:: To do ::
Look below for the line with "2500 E Las Olas", then repeat it and all lines after it, exactly, minus any pictures.
===== Data under study
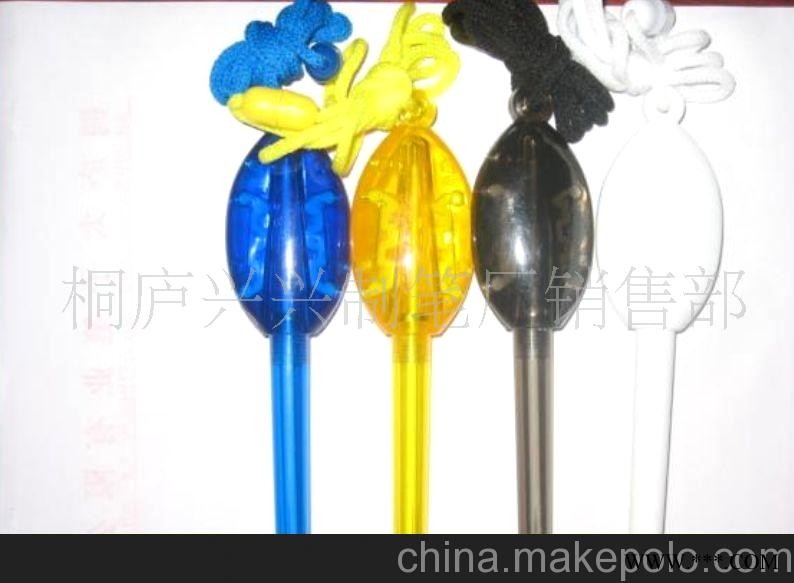 新奇特广告笔
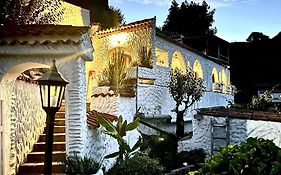 Finca Los Arcos Del Laurel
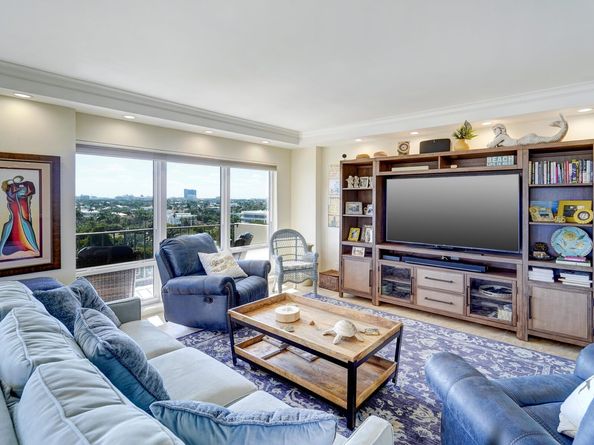 2500 E Las Olas Blvd 901, Fort Lauderdale FL 33301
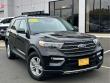 2023 Ford Explorer XLT SUV
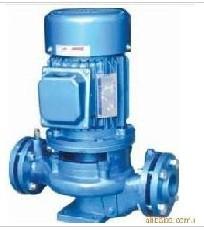 供应源立管道泵价格/立式管道泵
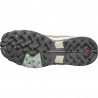 Salomon X Ultra 5 GORE-TEX Desert Tan Bianco Pepper Gree - Scarpe Hiking Donna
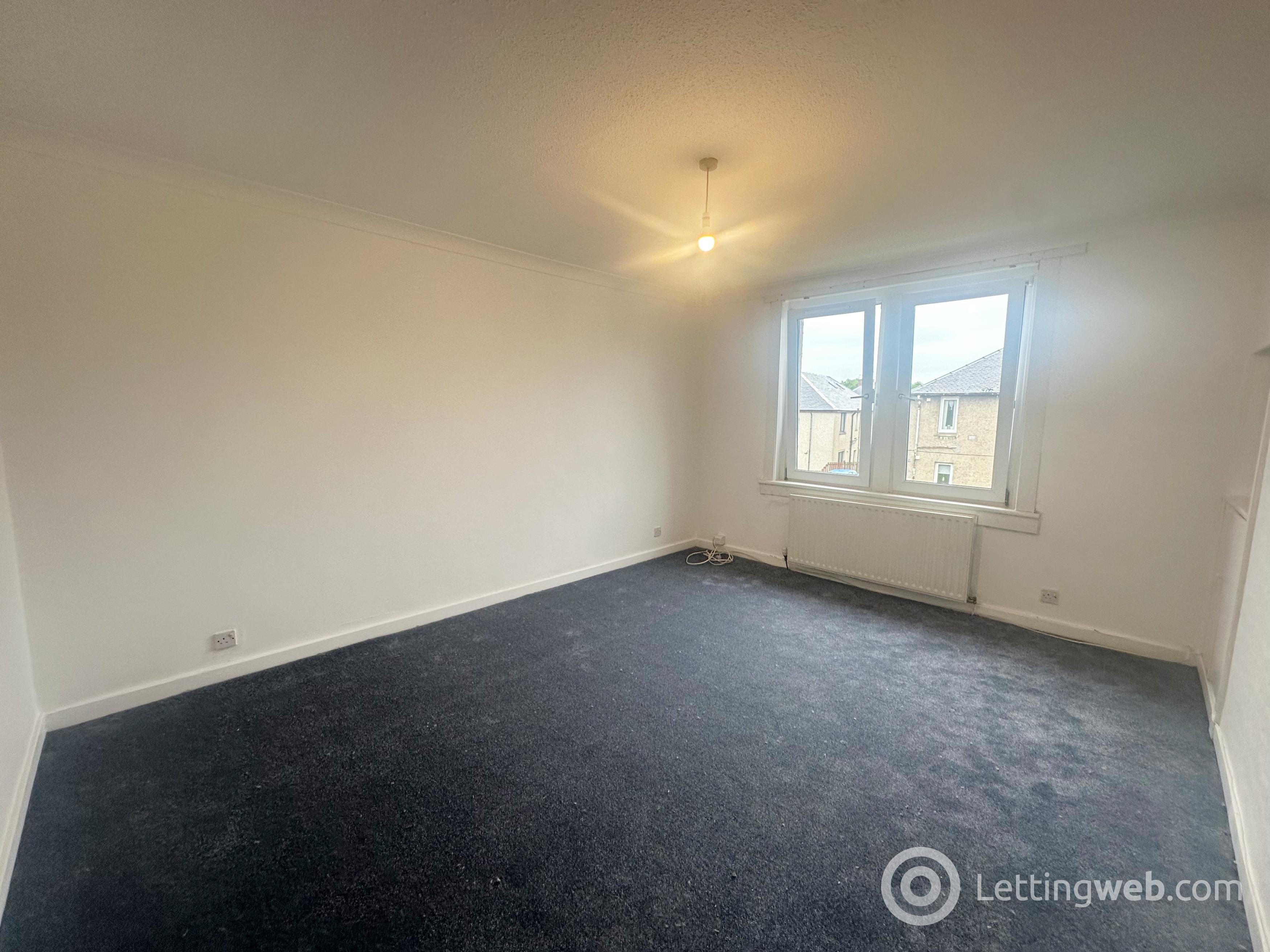 Property to rent in Park Crescent, Strathaven, ML10 6NQ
==========
:: Reply ::
 2500 E Las Olas Blvd 901, Fort Lauderdale FL 33301
 2023 Ford Explorer XLT SUV
 供应源立管道泵价格/立式管道泵
 Salomon X Ultra 5 GORE-TEX Desert Tan Bianco Pepper Gree - Scarpe Hiking Donna
 Property to rent in Park Crescent, Strathaven, ML10 6NQ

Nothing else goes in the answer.